Natlan's main storyline began with version 5.0 of the game, and continued through version 5.3. Prior to the 5.3 update players were highly anticipating the Traveler fighting alongside Mavuika, with many actively discussing future developments. In her analysis, Gabriela Jessica compared Mavuika's character arc to that of her Fontainian counterpart Furina, saying that Mavuika's depiction in the main storyline was too steady. She criticized miHoYo for relegating too much of her character arc to online animated shorts like "Sunset" (in which Mavuika's backstory was explored), rather than fully presenting it within the game. Jisumarokku, a reviewer for Japanese gaming site Denfaminico Gamer, wrote that Mavuika's story was shown from different angles in the main storyline and in her personal Story Quest. In the main story, her family was only briefly referenced, while in her personal quest, her dual identities as a god and as a human were explored more in-depth. In particular, the story of her sister Hine highlighted Mavuika's human side; Jisumarokku argued that though Hine was an ordinary person, her love and devotion toward her sister Mavuika, and the meaningful simplicity of her life, made the quest emotionally moving. Jisumarokku went on to argue that the Story Quest presented Mavuika as not only a national leader and deity but also "everyone's hero," and that the story was as emotionally powerful as that of Sumeru, and was the most moving plotline they had experienced in the game since Sumeru.

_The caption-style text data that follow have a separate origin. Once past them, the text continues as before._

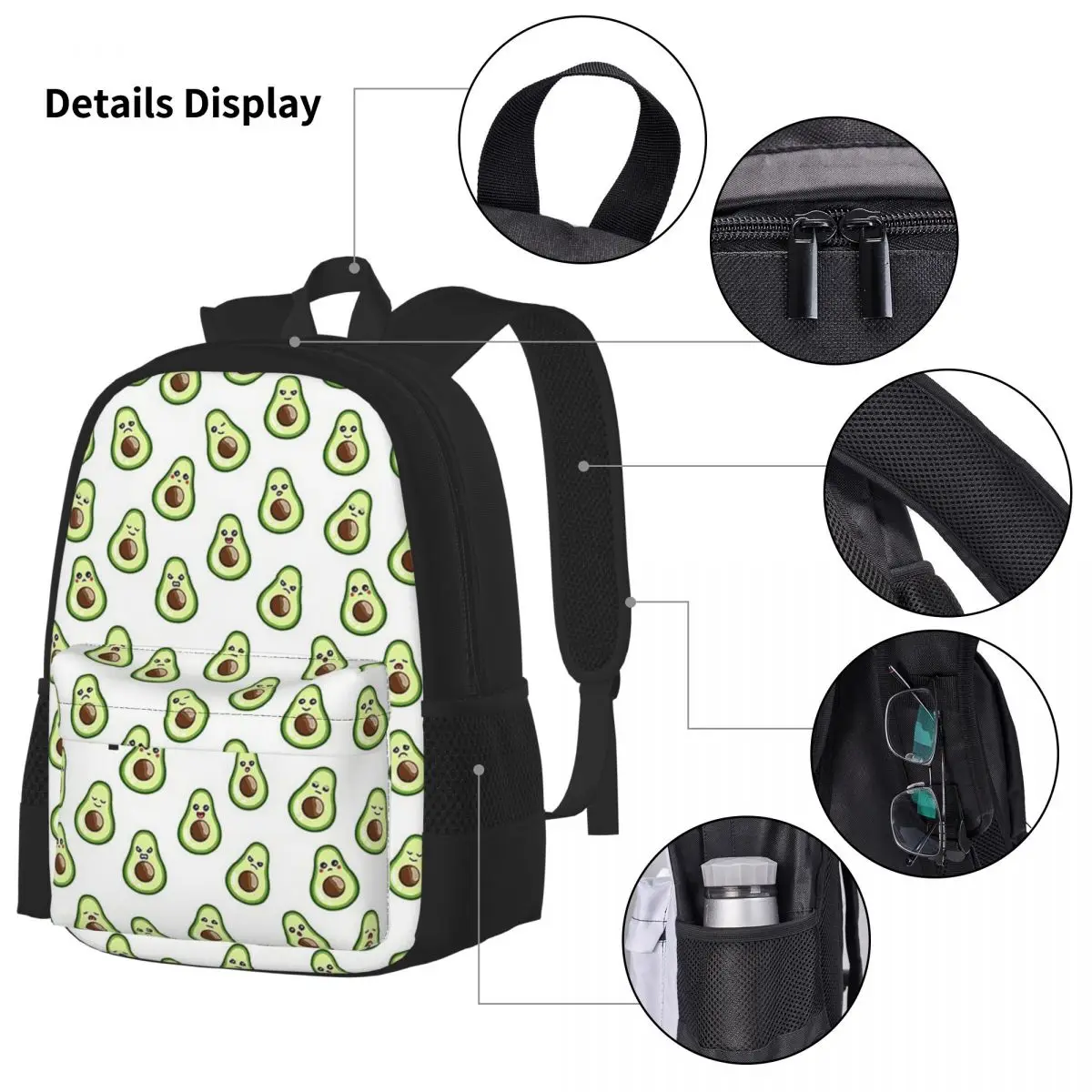 Divertenti emoticon di Avocado zaini ragazzi ragazza Bookbag studenti borse da scuola cartone animato bambini zaino pranzo borsa penna Set tre pezzi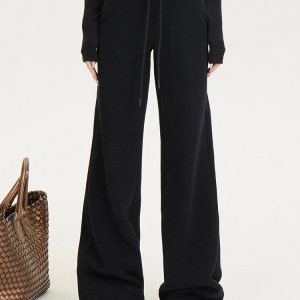 Women's Casual Wide-Leg Fleece Sweatpants with Drawstring - Cozy Autumn and Winter Long Pants for Comfort and Style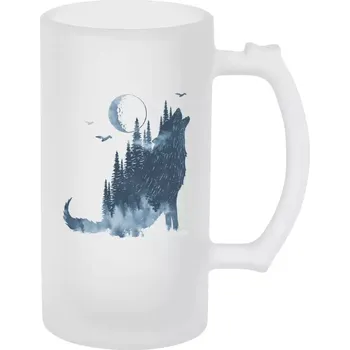 Sklenice Půllitr skleněný matný Vlk v mlze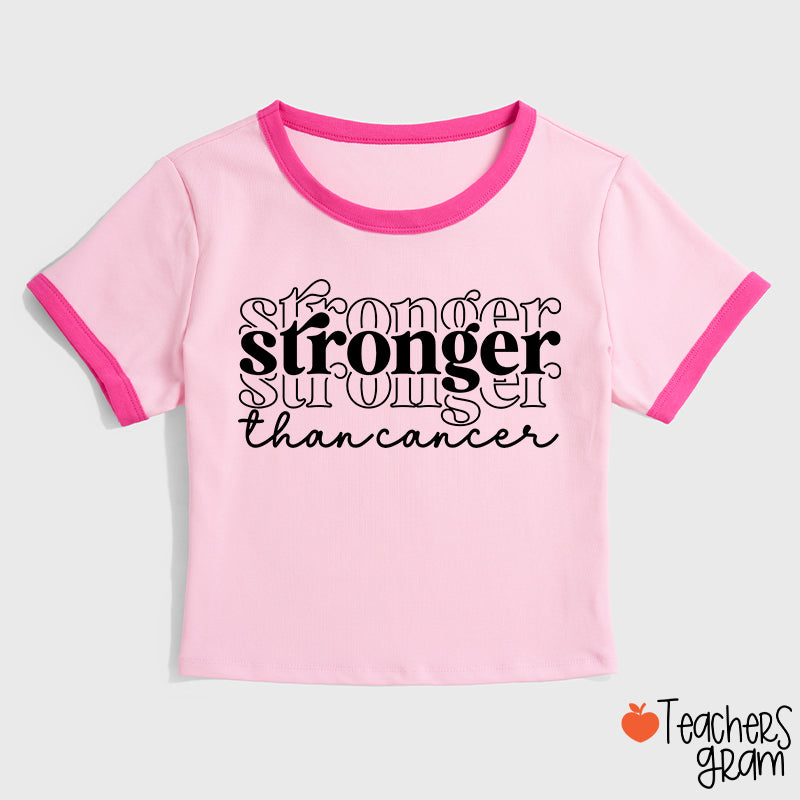 Stronger Than Cancer Teacher Ringer T-Shirt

Mavuika's combat gameplay has received generally positive reviews. She can be used as both a primary (on-field) and secondary (off-field) attack unit, and similar to the Raiden Shogun, she can cause a lot of damage even when not on the field. However, several media outlets have said her design leans toward either that of an on-field DPS, or that she can function as either an on-field DPS or off-field sub-DPS. Bruno Yonezawa of Screen Rant said that her build makes her a versatile character when forming a party; Leclair also praised Mavuika as an offensive support who can replace other Pyro support characters such as Xiangling. Yahoo News believes that Mavuika is very powerful and easy to use. VG247 reviewer Josh Broadwell also wrote that Mavuika is easy to build and does not require a lot to perform well. The Nerd Stash reviewer Gabriela Jessica believes that Mavuika relies on being in a party with other Natlan characters, and is thus not as versatile as other previously-released characters. Other Archons, she writes, are "pretty universal and flexible" in combat compared to her. Jessica criticized the motorcycle's centrality to Mavuika's combat style, writing that it made her think the character felt out of place in Genshin Impact. Jessica went further on to say that although Mavuika can still use a claymore, that would be more suitable for a character in a sub-DPS role.

Sarkissian was nominated for Best Voice Acting in a Mobile Game in 2025 at the GamingonPhone Awards for her performance as Mavuika.